Record excerpts START

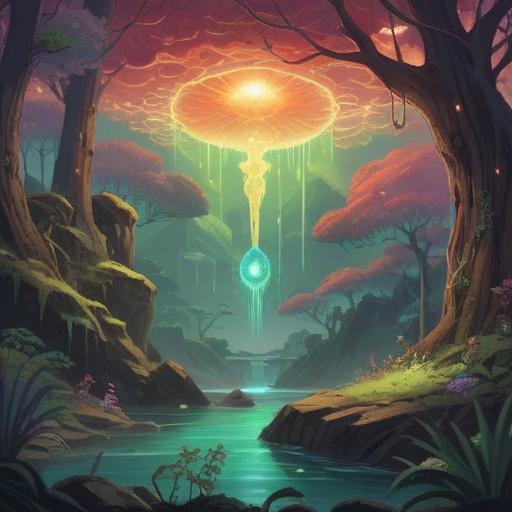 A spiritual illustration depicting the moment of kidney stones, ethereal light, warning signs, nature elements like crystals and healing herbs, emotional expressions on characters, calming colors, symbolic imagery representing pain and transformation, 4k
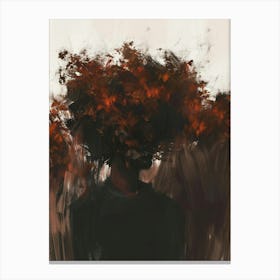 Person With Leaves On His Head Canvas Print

Record excerpts END
Record excerpts START

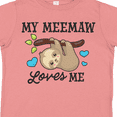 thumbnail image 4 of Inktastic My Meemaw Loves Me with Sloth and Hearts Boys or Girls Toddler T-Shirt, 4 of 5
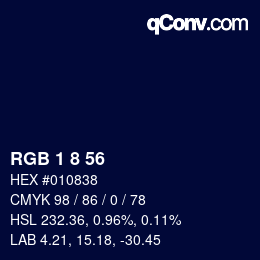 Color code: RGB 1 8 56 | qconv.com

Record excerpts END
Record excerpts START

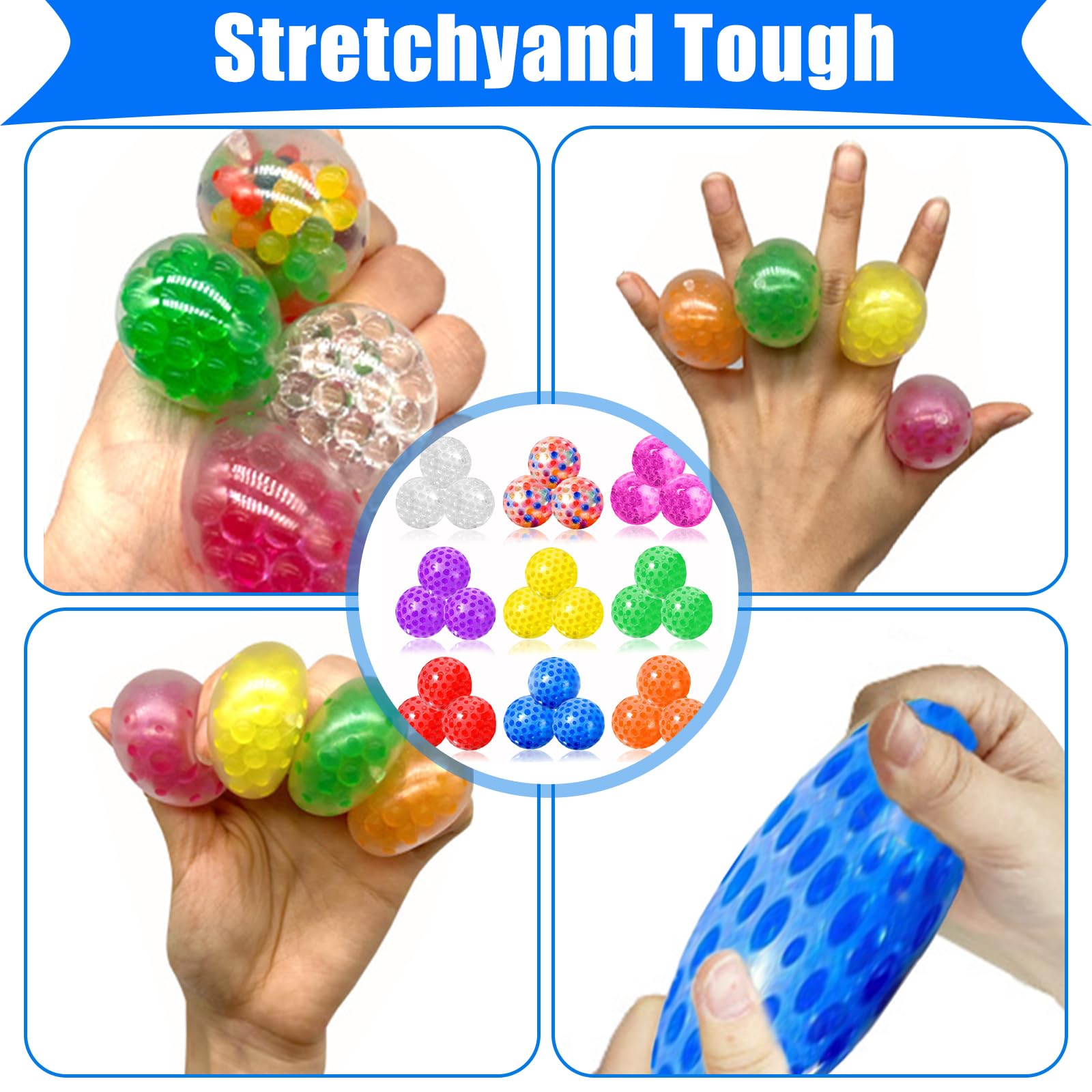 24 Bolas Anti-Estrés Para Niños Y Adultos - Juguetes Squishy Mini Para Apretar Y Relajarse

Record excerpts END

* **What you have to do**: What is needed is an exact copy of the lines above from the one with "A spiritual illustration" to the one with "Person With Leaves On His Head Canvas Print", both ends kept, and nothing more; please leave the pictures out.

* **Written response**:
 A spiritual illustration depicting the moment of kidney stones, ethereal light, warning signs, nature elements like crystals and healing herbs, emotional expressions on characters, calming colors, symbolic imagery representing pain and transformation, 4k
 Person With Leaves On His Head Canvas Print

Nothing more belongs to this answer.